Data ▸
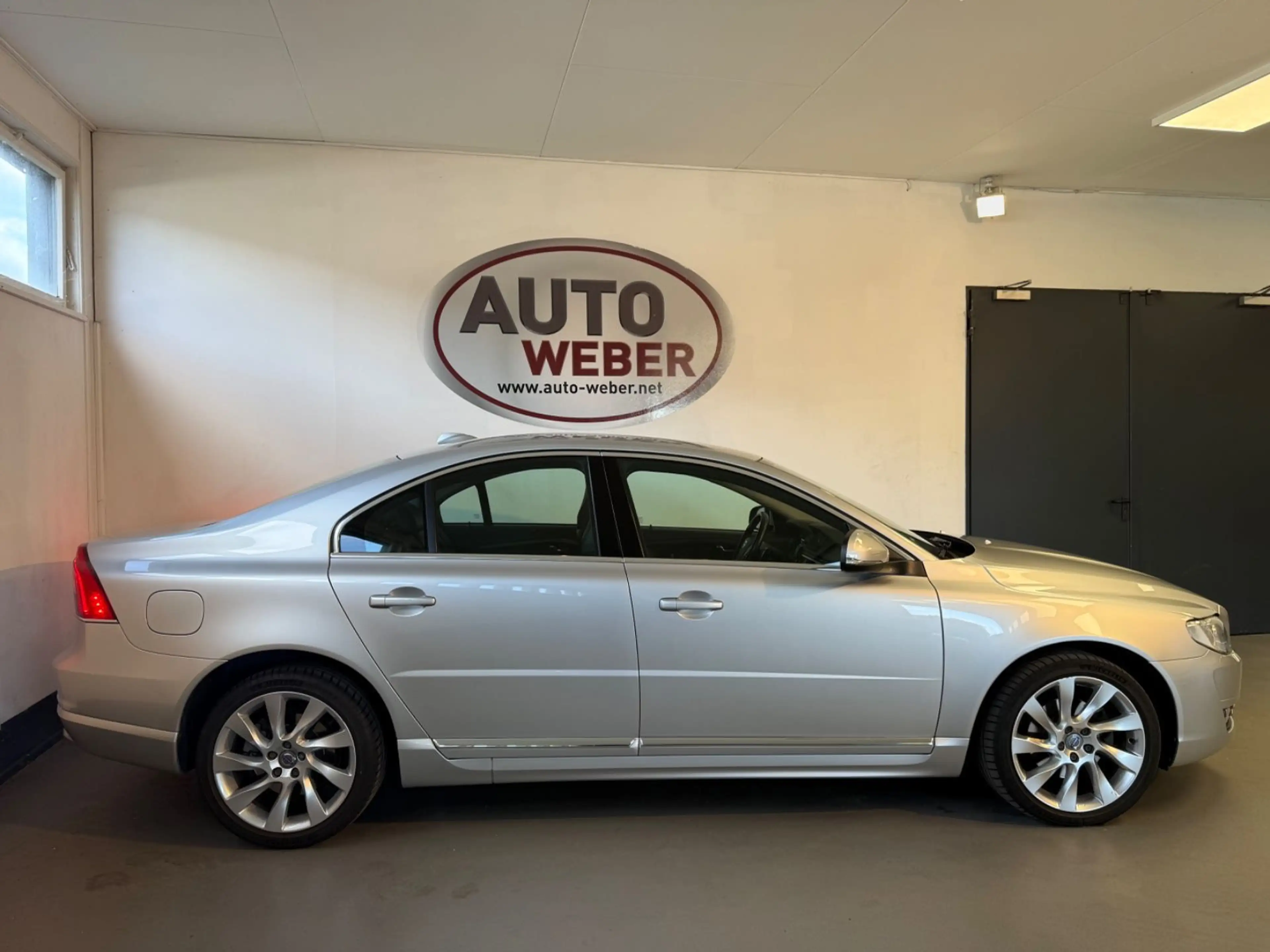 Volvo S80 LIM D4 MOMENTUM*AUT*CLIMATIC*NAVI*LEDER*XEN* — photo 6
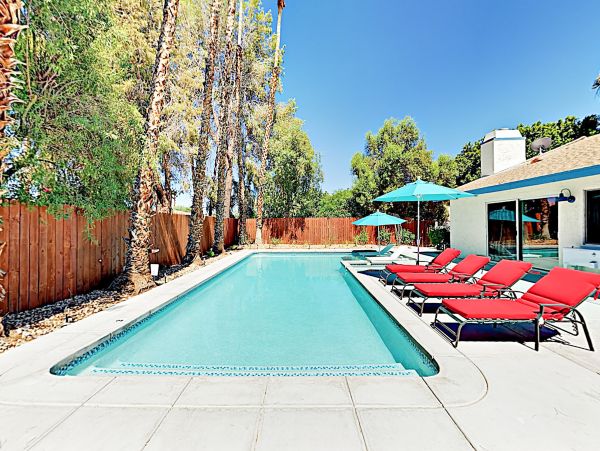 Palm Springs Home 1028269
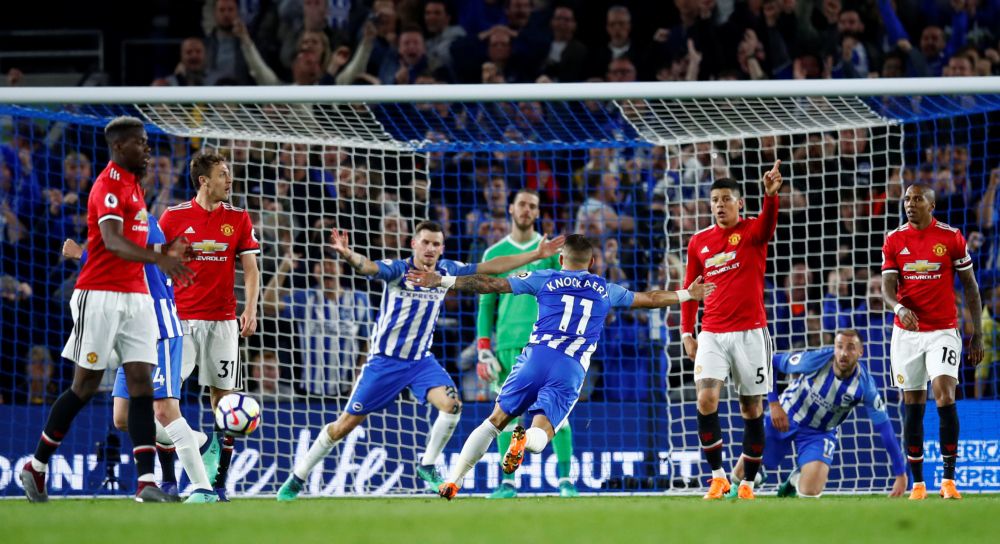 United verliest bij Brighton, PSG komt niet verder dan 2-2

What you need to do ▸
Could the data above be repeated exactly, with every picture dropped?

Exercise solution ▸
 Volvo S80 LIM D4 MOMENTUM*AUT*CLIMATIC*NAVI*LEDER*XEN* — photo 6
 Palm Springs Home 1028269
 United verliest bij Brighton, PSG komt niet verder dan 2-2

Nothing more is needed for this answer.